Problem description:
A single stretch of the material below is to be transcribed exactly, starting at the line with "Multi Collagen Peptides" and ending after the line with "Label-free simple fluorescence".

Given records:
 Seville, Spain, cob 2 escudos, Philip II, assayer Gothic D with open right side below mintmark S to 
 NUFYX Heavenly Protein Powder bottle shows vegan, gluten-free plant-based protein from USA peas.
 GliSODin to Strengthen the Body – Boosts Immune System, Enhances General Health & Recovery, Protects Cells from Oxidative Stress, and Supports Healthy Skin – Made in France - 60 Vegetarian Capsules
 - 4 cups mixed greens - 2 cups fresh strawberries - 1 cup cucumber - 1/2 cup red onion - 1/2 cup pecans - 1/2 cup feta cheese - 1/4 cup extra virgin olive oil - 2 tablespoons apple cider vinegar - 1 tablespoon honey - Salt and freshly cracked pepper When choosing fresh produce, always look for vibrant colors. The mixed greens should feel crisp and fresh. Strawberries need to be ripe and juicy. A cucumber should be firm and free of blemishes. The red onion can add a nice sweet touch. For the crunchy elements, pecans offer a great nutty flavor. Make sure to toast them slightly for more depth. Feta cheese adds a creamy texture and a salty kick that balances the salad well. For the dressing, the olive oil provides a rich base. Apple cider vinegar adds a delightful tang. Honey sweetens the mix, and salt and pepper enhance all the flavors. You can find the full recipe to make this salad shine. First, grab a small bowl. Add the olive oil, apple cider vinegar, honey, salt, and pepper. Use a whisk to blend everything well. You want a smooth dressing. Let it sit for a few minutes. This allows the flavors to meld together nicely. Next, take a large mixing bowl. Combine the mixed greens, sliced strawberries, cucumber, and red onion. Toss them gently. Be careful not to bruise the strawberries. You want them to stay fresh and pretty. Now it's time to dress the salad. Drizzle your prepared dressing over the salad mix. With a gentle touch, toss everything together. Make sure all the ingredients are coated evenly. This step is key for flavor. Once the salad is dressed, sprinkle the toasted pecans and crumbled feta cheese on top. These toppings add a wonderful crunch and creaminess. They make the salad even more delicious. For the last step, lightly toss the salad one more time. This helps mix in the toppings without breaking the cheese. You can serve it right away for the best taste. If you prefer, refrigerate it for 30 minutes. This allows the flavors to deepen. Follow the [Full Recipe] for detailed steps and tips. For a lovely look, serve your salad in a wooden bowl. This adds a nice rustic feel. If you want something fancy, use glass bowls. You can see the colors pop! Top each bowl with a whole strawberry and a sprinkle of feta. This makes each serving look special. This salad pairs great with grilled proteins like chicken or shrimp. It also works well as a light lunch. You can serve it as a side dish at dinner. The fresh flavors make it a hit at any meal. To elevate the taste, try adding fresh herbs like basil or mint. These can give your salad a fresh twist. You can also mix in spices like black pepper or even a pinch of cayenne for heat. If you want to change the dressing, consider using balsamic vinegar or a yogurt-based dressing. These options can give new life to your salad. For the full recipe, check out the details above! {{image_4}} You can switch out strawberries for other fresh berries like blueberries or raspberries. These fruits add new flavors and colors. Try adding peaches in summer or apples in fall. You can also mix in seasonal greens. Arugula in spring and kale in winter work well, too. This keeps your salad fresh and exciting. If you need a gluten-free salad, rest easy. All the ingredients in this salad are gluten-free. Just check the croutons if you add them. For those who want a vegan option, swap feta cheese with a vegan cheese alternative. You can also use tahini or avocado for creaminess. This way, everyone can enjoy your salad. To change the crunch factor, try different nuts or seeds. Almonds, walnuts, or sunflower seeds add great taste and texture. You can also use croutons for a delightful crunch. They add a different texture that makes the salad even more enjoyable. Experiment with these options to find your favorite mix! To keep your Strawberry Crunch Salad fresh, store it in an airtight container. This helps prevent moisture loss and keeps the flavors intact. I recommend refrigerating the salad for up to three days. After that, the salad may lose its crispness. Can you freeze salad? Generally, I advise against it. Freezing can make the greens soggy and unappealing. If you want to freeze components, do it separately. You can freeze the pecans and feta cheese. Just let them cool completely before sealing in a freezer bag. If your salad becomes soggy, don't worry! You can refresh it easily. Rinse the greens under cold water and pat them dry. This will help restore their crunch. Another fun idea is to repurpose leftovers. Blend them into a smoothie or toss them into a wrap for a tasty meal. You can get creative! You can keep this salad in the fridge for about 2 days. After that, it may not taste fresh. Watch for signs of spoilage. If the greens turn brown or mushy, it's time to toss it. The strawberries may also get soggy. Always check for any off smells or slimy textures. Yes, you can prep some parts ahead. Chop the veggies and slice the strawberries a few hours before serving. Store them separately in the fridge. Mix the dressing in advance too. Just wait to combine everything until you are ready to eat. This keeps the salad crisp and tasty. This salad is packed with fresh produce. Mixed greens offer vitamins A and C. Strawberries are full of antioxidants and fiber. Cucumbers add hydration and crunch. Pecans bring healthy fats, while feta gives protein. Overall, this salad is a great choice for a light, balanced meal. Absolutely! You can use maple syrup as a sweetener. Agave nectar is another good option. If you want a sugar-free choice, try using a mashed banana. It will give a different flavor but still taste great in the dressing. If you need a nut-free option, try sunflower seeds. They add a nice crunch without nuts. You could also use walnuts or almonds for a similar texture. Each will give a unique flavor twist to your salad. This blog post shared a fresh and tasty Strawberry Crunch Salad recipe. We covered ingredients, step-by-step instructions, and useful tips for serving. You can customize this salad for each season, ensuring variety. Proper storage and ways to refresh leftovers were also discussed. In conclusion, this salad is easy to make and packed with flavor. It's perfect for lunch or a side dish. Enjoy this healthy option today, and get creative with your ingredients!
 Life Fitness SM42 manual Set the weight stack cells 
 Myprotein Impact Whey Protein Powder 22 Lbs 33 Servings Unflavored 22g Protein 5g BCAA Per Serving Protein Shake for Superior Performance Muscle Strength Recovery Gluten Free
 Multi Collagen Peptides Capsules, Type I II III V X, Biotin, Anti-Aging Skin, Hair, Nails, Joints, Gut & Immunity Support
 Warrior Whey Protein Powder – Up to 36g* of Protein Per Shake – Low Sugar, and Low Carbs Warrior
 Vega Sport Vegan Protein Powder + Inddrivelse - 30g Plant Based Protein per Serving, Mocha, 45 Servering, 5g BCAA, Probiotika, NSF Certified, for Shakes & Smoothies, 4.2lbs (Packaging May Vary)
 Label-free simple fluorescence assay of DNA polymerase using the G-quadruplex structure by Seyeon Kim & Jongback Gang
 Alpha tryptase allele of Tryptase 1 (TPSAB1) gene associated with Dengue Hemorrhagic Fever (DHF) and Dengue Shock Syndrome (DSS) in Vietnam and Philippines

Task solution:
 Multi Collagen Peptides Capsules, Type I II III V X, Biotin, Anti-Aging Skin, Hair, Nails, Joints, Gut & Immunity Support
 Warrior Whey Protein Powder – Up to 36g* of Protein Per Shake – Low Sugar, and Low Carbs Warrior
 Vega Sport Vegan Protein Powder + Inddrivelse - 30g Plant Based Protein per Serving, Mocha, 45 Servering, 5g BCAA, Probiotika, NSF Certified, for Shakes & Smoothies, 4.2lbs (Packaging May Vary)
 Label-free simple fluorescence assay of DNA polymerase using the G-quadruplex structure by Seyeon Kim & Jongback Gang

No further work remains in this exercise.